If a pharmacy cannot fill the prescription, request a referral to a pharmacy that can, or contact HepatitisWA for assistance.
Most pharmacies will only dispense 1 month of the drug at a time. Therefore, it is important for you to plan ahead so they don’t run out of medicine. Leaving your repeat scripts with your pharmacist can be helpful.
How much do the medicines cost?
Prescriptions attract the usual co-payment price for the dispensing fee of each prescription. This is currently $38.80 for general patients and $6.30 for concessional patients. This fee is reviewed each year.
What if treatment is not effective?
For most people, it is highly likely the new DAA medicine will be effective. If the new treatment does not work, the doctor will discuss options and may choose to refer to a specialist for further assessment prior to commencing any further treatment.
Where can you get further information?
You can talk to your GP, specialist, clinic nurse or call HepatitisWA on (08) 9227 9800.
Don’t put your health at risk by waiting too long.
It’s easy to understand why people may have waited for the new interferon-free treatments to become available.
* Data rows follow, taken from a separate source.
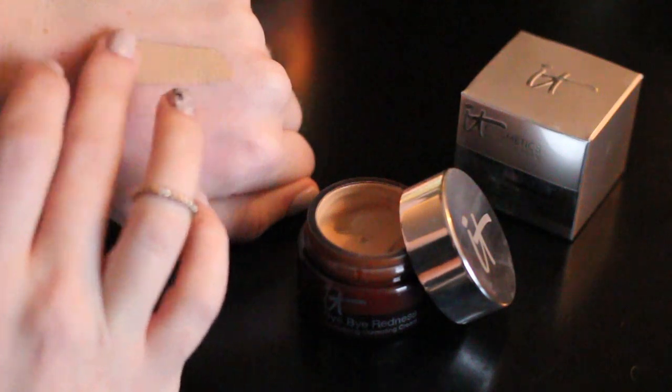The first is the It Cosmetics Bye Bye Redness, and this is a neutralizing, correcting cream. It's supposed to help with redness around the face, and you can use it either by itself or underneath a foundation. The packaging is not my favorite — it's a little bit of a messy jar packaging — but the reviews are amazing, and I really struggle with a ruddy complexion, so I'm excited to see if it will work for me.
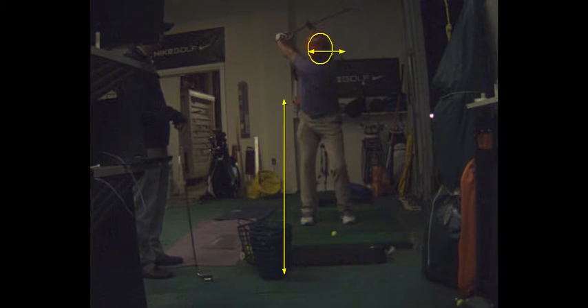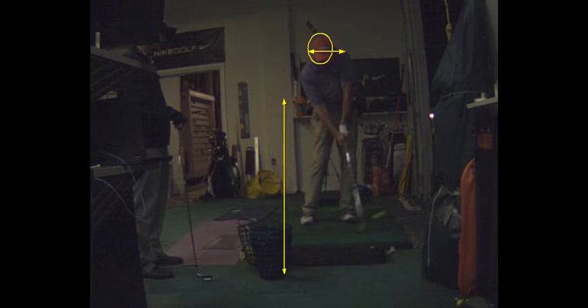See how much you go up there? And sometimes you go back down the right amount, and sometimes you don't.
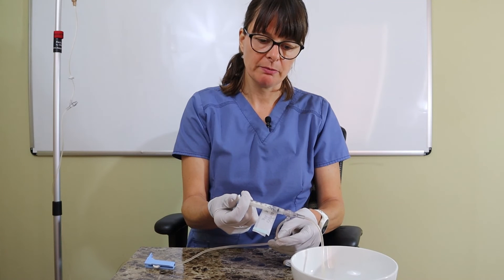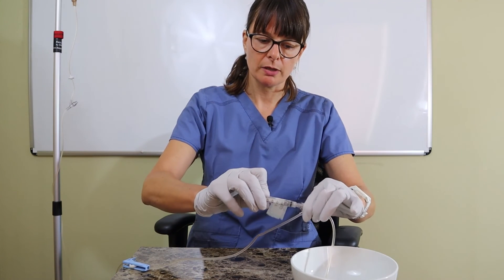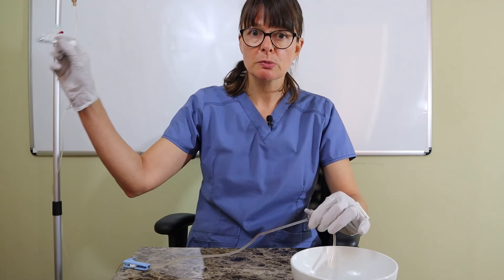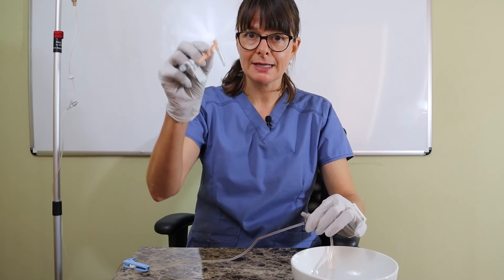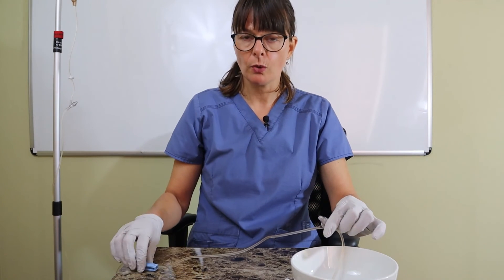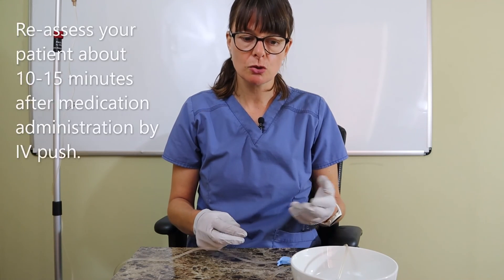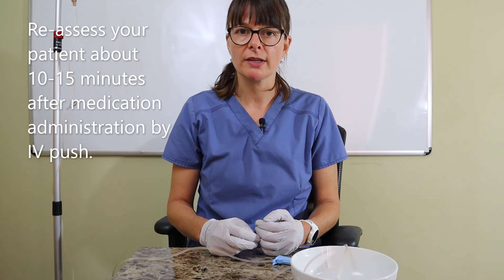Once I'm done administering the medication, I can unhook my syringe and dispose of it as well as the needle appropriately in the sharps container. Then I'll go ahead and document the medication administration, and check back on the patient in about 15 minutes to see what effect the medication has taken and to make sure that they don't have any adverse reactions.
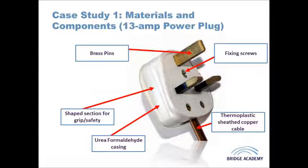The materials used in this product carry out different functions. The brass allows electricity to flow through the circuit, so it needs to be a good conductor. On the other hand, the urea formaldehyde casing — the white plastic — is there to prevent the user from touching anything conductive or receiving an electrical shock, so it needs to be very insulative.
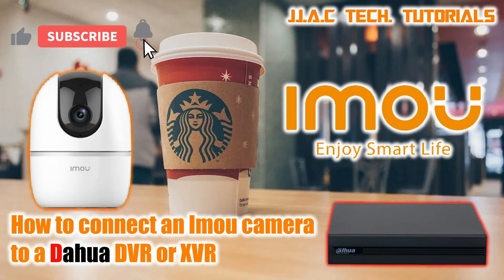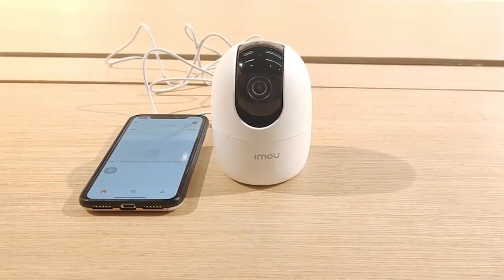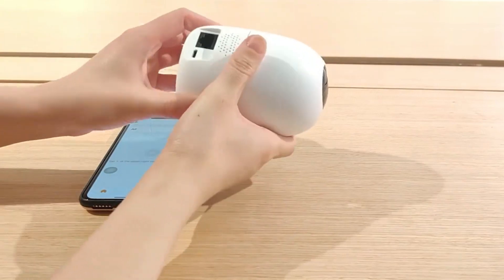How to connect an IMA camera to a Dahua DVR or XVR, simple as 5 minutes. Make sure your IMA camera and your DVR are connected to the same network before you start.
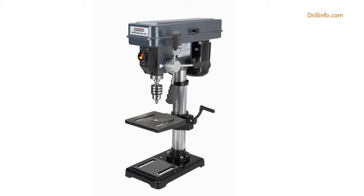Central Machinery 10 Inch Bench Mount Drill Press, 12 Speed. Brand Name: Central Machinery. Color: Chrome Plated. Horsepower: 0.60. Included Components: Chuck Key, 2 Hex Wrenches, Chuck Key Release. Item Weight: 62.0 Pounds. Material: Drills through Wood.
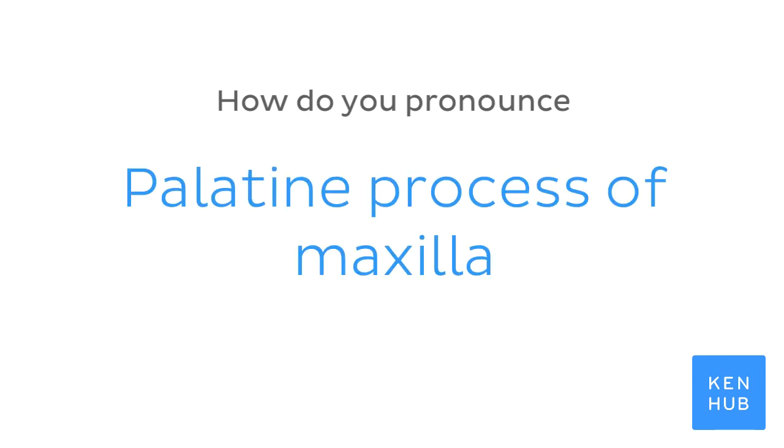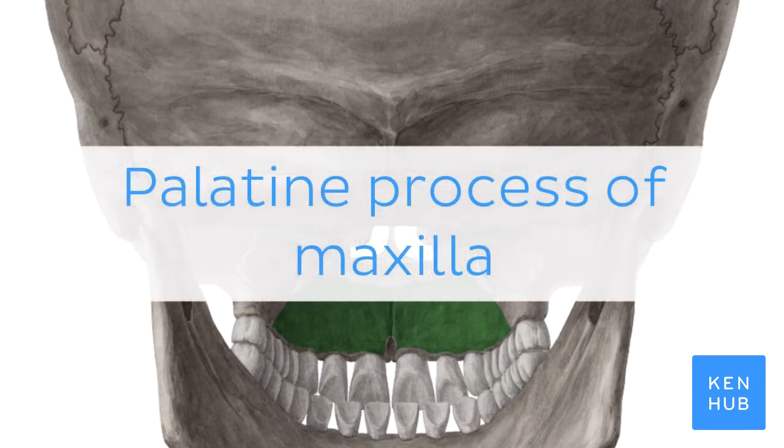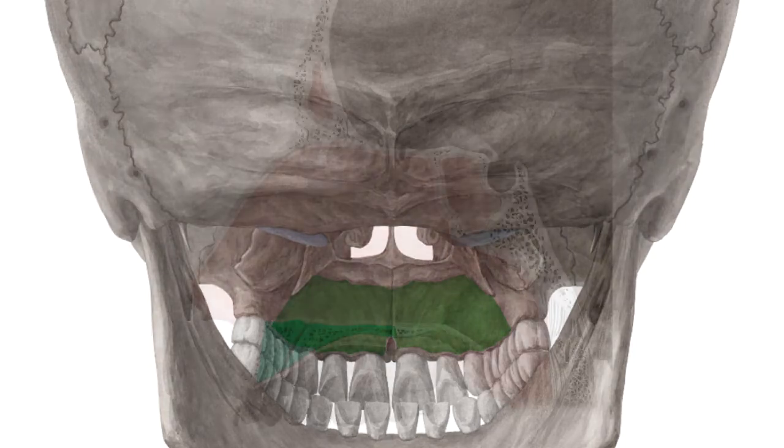How do you pronounce 'Palatine process of maxilla'? Palatine process of maxilla. And to help you memorize this term,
However, now treatment is much simpler, by waiting, a person could be putting their health at risk. If 40 years of age or over is living with hepatitis C, they are likely to experience an accelerated rate of liver damage which increases the risk of developing cirrhosis, liver cancer or liver failure. This is called the “Liver Danger Zone”. A person should also bear in mind that symptoms of liver disease may not be felt until the liver is significantly scarred. It is not advisable for people to put their health at risk by waiting too long for treatment. It is recommended to make an appointment with a doctor or HepatitisWAs Deen Clinic to have a liver health assessment and to discuss treatment options.
What does a liver health assessment involve?
The doctor will conduct a clinical examination and blood tests. They may also send the client for an ultrasound which is a non-invasive test that measures the level of liver scarring to determine the severity of liver disease. For further information on the liver health assessments see our: Liver Assessment Factsheet – Download Now (PDF)
Video of a liver health assessment – view now If a person has chronic hepatitis C and particularly if they are in the “Liver Danger Zone”, ask the doctor about having a regular liver health check-up today. A liver check-up is nothing to worry about, it is simple, easy and it can save lives.